Tim Durrant / Jan 2018
Nearly a year into negotiations, the UK Government is only just beginning the process of deciding what kind of future relationship it wants with the EU. As the reaction to the Chancellor’s remarks in Davos showed, this is a lively debate that is far from settled. The discussion needs to be informed, amongst other things, by a proper economic assessment of the different potential options. But the Government, split politically and burned by the pre-referendum experience of so-called ‘Project Fear’, has been unwilling to publish its own assessments. That leaves a gap in the debate that needs to be filled.
Various universities, think tanks and others have published their own studies of the potential impact of different Brexit outcomes on the UK economy. These include work from the Scottish Government, and the Mayor of London Sadiq Khan, both of whom are opposed to a hard Brexit. RAND Europe have made their own contribution, which also considered US interests in the UK-EU deal. And from the academic world, the UK Trade Policy Observatory at the University of Sussex has considered various aspects of the UK-EU trading relationship, including its impact on the cost of living for UK households. From an alternative point of view, Economists for Free Trade have published a study looking at the benefits of a looser UK-EU relationship.
The conclusions of these reports vary. But that is not surprising – as any economist will tell you, forecasting is notoriously tricky. These studies are based on economic models which, though complex, will never be able to fully represent the various building blocks and interactions of a modern economy. What’s more, the results of any economic model are dependent on the assumptions that the modellers use.
But that doesn’t mean that there aren’t common themes in what these studies find.
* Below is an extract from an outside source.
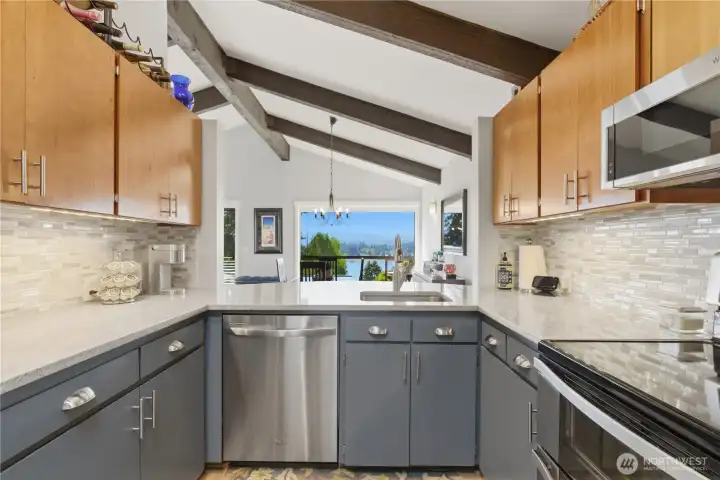 Efficient kitchen layout with great countertop flow—making prep and cooking easy, all complemented by sleek stainless steel appliances.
At a recent Institute for Government event, Charles P. Ries of RAND and Professor Alan Winters of the UK Trade Policy Observatory both presented a firm conclusion: the more barriers to trade between the UK and the EU that are put up, the more damaging it will be for UK economic growth.
They found that a move to trading with the EU on World Trade Organisation (WTO) rules, the most basic trading arrangement possible, would have the most significant negative impact. While the exact figures differ, this finding is replicated across most of the economic studies of Brexit.
There are some, albeit a minority, who disagree. The third speaker at the Institute for Government event, Liam Halligan of the Daily Telegraph, said that a move to WTO rules would not be problematic for the UK. Economists for Free Trade go further, saying that moving to WTO rules would lead to a significant boost in UK economics growth, compared to any of the other options that leave us more closely aligned with the EU.
But there is one voice missing from this debate. The last time the Government published anything on the potential economic impacts of Brexit was before the referendum, in the spring of 2016. Their publications at the time included the much-maligned Treasury analysis which predicted an immediate recession following a ‘Leave’ vote. The failure of this recession to materialise led many to discount the Treasury’s assessment of the long-term impact of leaving the EU, even though the results of that study were broadly comparable to most other, more recent assessments.
The split in Cabinet is also complicating matters – some Ministers want to maintain a very close trading relationship with the EU, others want to be free to pursue a more global approach. This divide means that any assessment is unlikely to get the blessing of the full Cabinet, as each faction will want to use it to reinforce their own proposal.
But, without a clear assessment of the costs and benefits of different options, the UK as a whole will struggle to agree what kind of relationship it wants. The public debate on the future relationship between the UK and the EU is only just beginning. The Government has an opportunity to lead the conversation for the country and show that it is making decisions in the national interest. There are other factors to consider beyond economics, but it is essential that people are given the facts to be able to make a properly informed decision.